WHAT THE EXERCISE ASKS ▸ Retype the entries below exactly, and keep every picture out of your version.

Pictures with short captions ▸
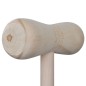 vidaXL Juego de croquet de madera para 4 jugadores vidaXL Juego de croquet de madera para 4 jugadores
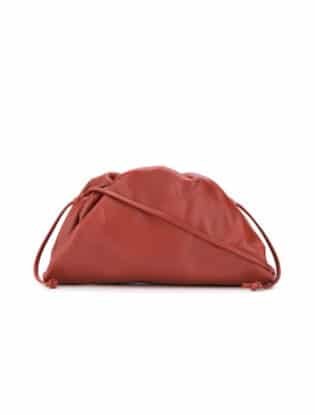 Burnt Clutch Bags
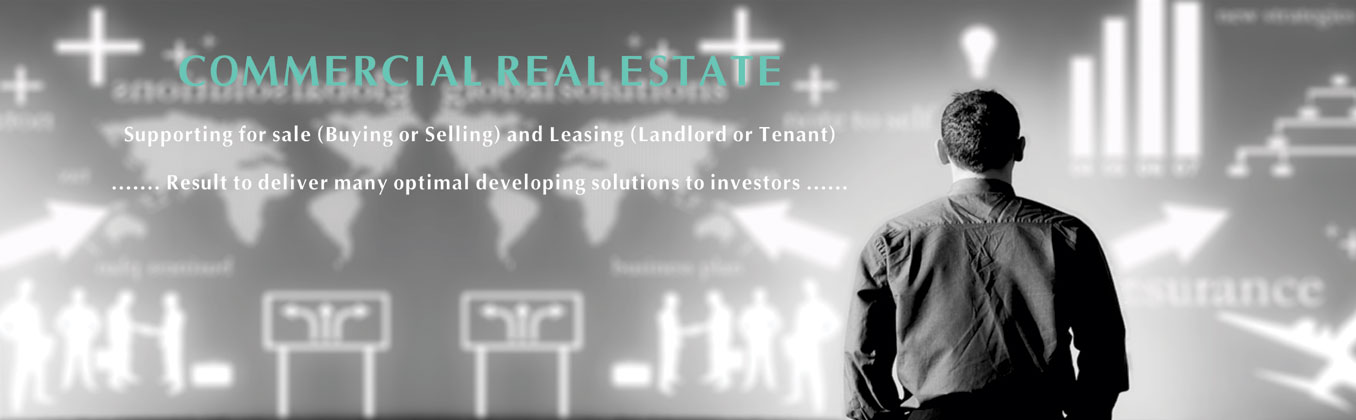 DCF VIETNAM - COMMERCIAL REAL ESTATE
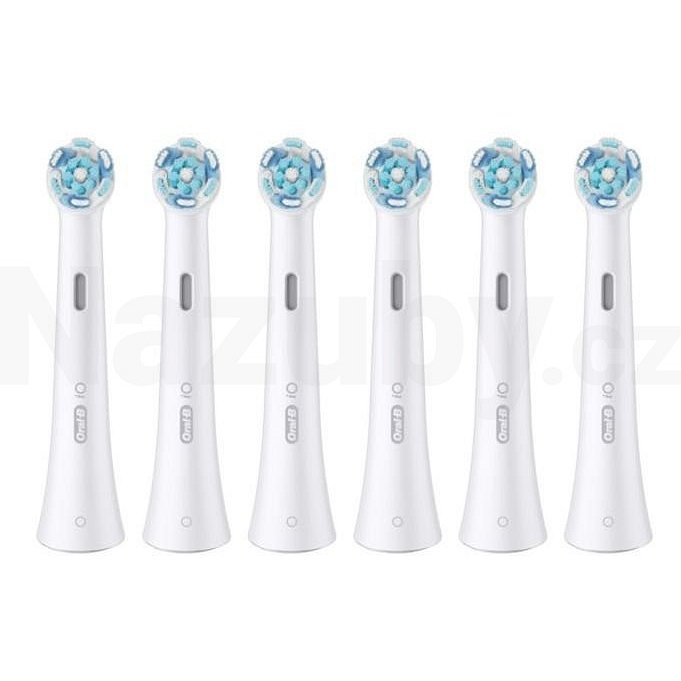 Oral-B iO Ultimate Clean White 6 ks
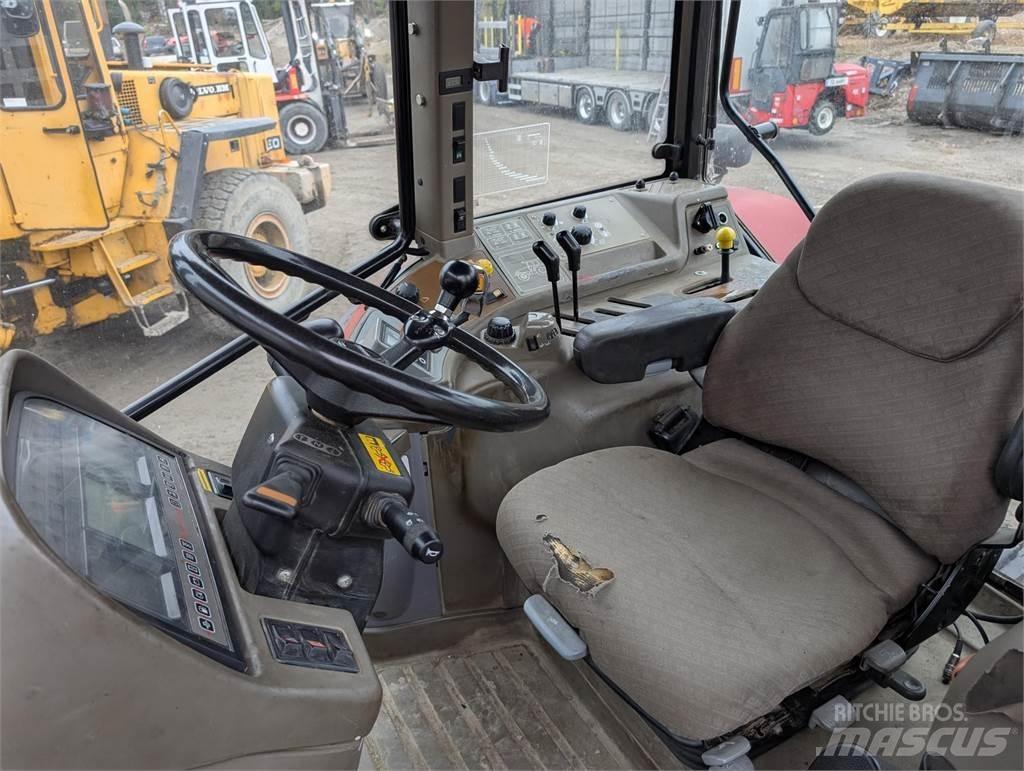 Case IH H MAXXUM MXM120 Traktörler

RESPONSE FOR THIS EXERCISE ▸
 vidaXL Juego de croquet de madera para 4 jugadores vidaXL Juego de croquet de madera para 4 jugadores
 Burnt Clutch Bags
 DCF VIETNAM - COMMERCIAL REAL ESTATE
 Oral-B iO Ultimate Clean White 6 ks
 Case IH H MAXXUM MXM120 Traktörler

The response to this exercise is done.